How to model a knowledge graph in MongoDB, incl. ontologies and an example based on public data from OpenStreetMap

Prerequisites

  • Latest stable Python 3 with the following (TODO: pyld, requests, rdflib, rdflib-jsonld, esy, esy-osm-pbf) modules installed
  • Java JDK
  • pbf2json download from https://github.com/pelias/pbf2json
  • owl2jsonld download from https://github.com/stain/owl2jsonld
  • Latest stable MongoDB installed locally or accessible. Connection is currently configured to use local instance without authentication
  • OSM data in PBF format at choice.

TODO:

  • Visualization

Steps

Create Ontology

  • Import raw data of keys and values of OSM data: python3 import_osm_metadata.py
  • Derive ontology python3 derive_ontology.py

After running derive_ontology.py the files osmpower.jsonld and osmpower.ttl are created.

Create Instances

  • Import OSM data (can be a whole country, or just some parts): https://www.geofabrik.de/data/download.html e.g. bayern-latest.osm.pbf.

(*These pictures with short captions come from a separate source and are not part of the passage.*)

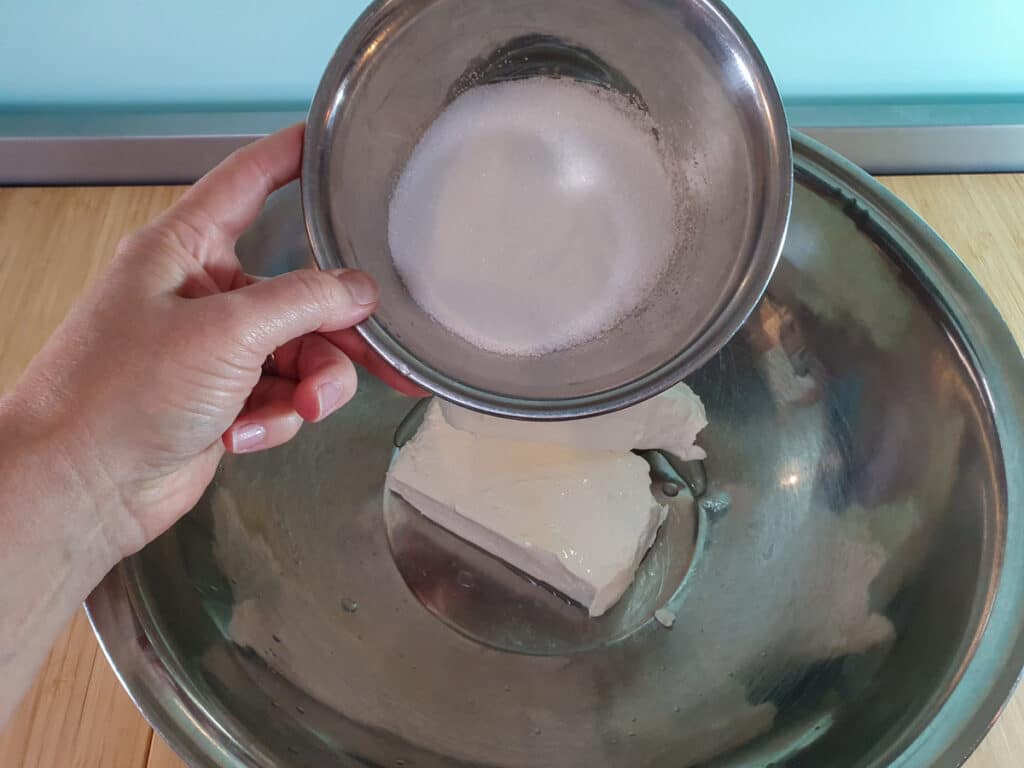 Feijoa cheesecake 9 Adding sugar to cream cheese.
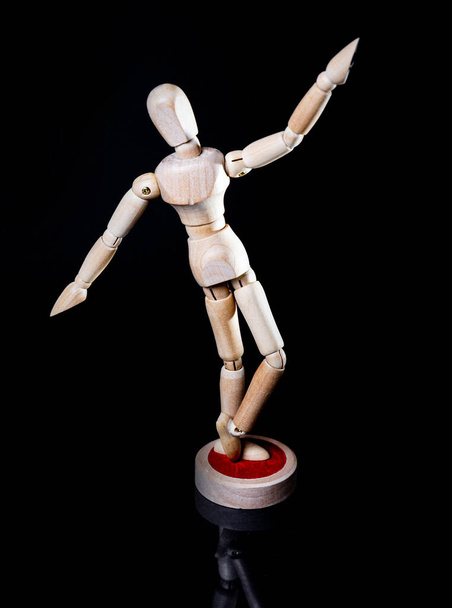 Obrázek padající dřevěné figuríny na černém pozadí, dřevěná figurína představuje různé pózování - Fotografie, Obrázek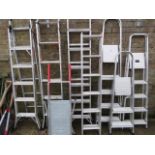 8 various size aluminium step ladders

Change INPUT_OSM_FILE in import_osm_data.py accordingly.
  • To import raw data of .osm.pbf file to MongoDB import_osm_data.py the file pbf2json.darwin-x64 (for your OS of choice) is needed. Change command in import_osm_data.py accordingly. Then run with python3 import_osm_data.py. When running, the script seems to hang, but it does finish (needs to be documented or changed, as the Java process is called from the Python script. Bit hacky, but works more or less fine). You can stop with Control-C, as soon as no new objects are inserted into raw_objects_germany (should be just raw_objects <- final polishing).
  • Next step is to run python3 derive_instances.py to get the instance data as TTL file and in the collection "instance". The file owl2jsonld is needed. Change OWL_TO_JSON_JAR_ABSOLUTE_PATH in derive_instances.py accordingly. Please double-check if the collection name in derive_instances.py is correct, must be "raw_objects_germany" (those imported earlier).

When running script reports progress creating assets:

Processed 296000 Assets
Processed 297000 Assets
Create partOf and hasPart relationships

After running derive_instances.py the file osmpower_bavaria.ttl is created (NOTE: file name is hardcoded in script).